Jerry’s Eyes On Promotion

Play-Off Challenge For Compton Old Boy

Jerry Gill in 2008.

Jim Barron will be keeping a close eye on the fortunes of former Wolves coach Jerry Gill tomorrow as the non-League season moves towards a belated conclusion.

The two know each other from their time together at Birmingham during the Trevor Francis managerial era and were reunited professionally at the start of the 2019-20 season virtually 12 months ago!

Gill, who joined Wolves in 2015 as under-18 head coach, is now manager of Bath City, who face Dorking at Twerton Park tomorrow in a Vanarama National League South play-off.

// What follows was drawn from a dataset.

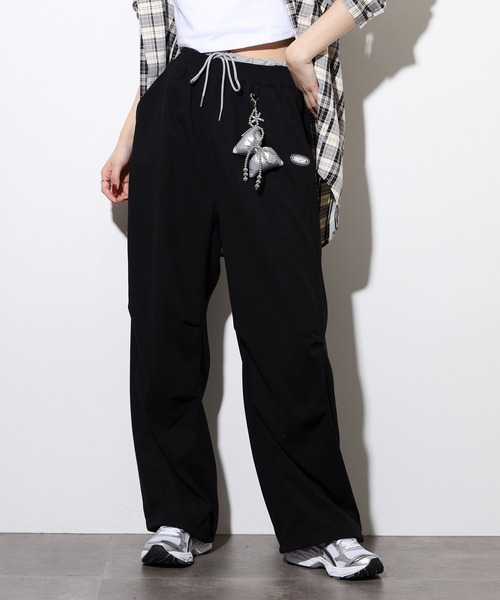 .WORKS(ドットワークス)の「.works チャーム付パラシュートパンツ(その他パンツ・レディース・シルバー×ブラック/ブラック/ダークグレー/カーキ・M)」の21枚目の写真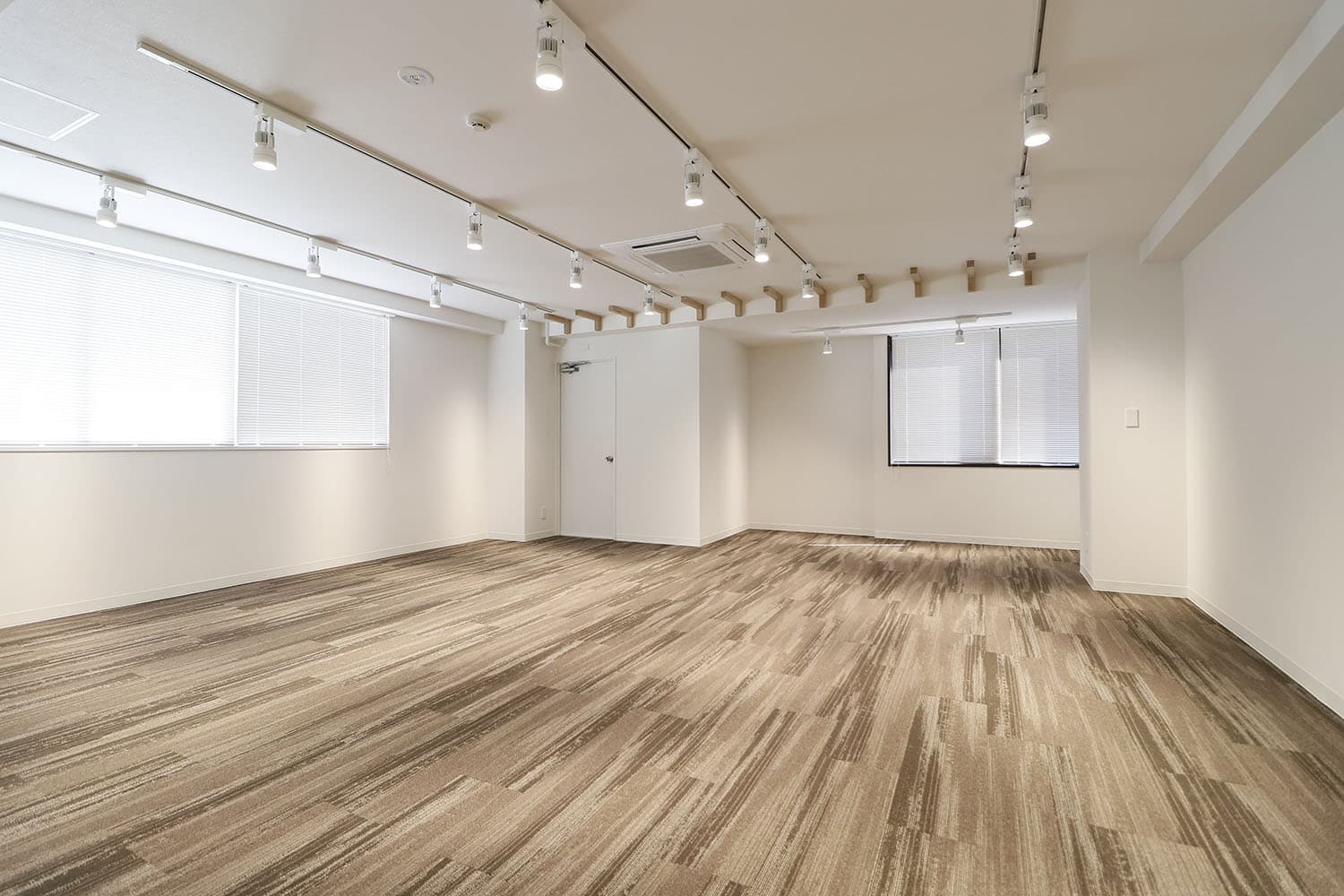 THE HUB 神田小川町BASEの個室オフィス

And Barron will have his fingers crossed that they come through this behind-closed-doors eliminator and take another step towards a place in the elite of non-League football.

“If I was at a top club, Jerry is someone I would take along with me,” Barron said this afternoon. “I knew him as a player at Blues and his attitude was always spot-on, so he would be brilliant at taking the training.

“We are living down in Berkshire again these days, so he had me watching a few games for him in the M25 area early in the season to give him an insight on future opponents.

“I think they were fourth in the table when the matches stopped a few months ago and apparently they have decent facilities there. He is from the West Country as well, so he would love to take them up.”

Gill has had a varied career in the game and, before his Wolves seasons, had spells as academy manager at Kidderminster, youth coach at Bristol Rovers, as a scout and academy coach at Norwich and as manager of Weymouth.

He also made a single appearance for the England National Game XI during a playing career that brought him around 250 appearances with three League clubs – Blues, Northampton and Cheltenham.

Jim Barron (left) and partner Mel, with Les Wilson in Canada last year.

Such were the good habits Barron referred to that Gill played on at professional level past his 38th birthday, with Bath and Yeovil among the other clubs he appeared for.

He was born in Clevedon, Somerset, and turns 50 next month.

Barron, a 1960s hopeful at Molineux and later assistant to Graham Hawkins, was part of Everton’s scouting set-up for several years until a change of regime there and remains open to assignments on a less formal basis the other side of lockdown.

“I don’t want anything too regular but would go to some matches if asked,” he added. “I see plenty of matches on TV but do miss the banter and seeing people with not having been to games in the last few months.”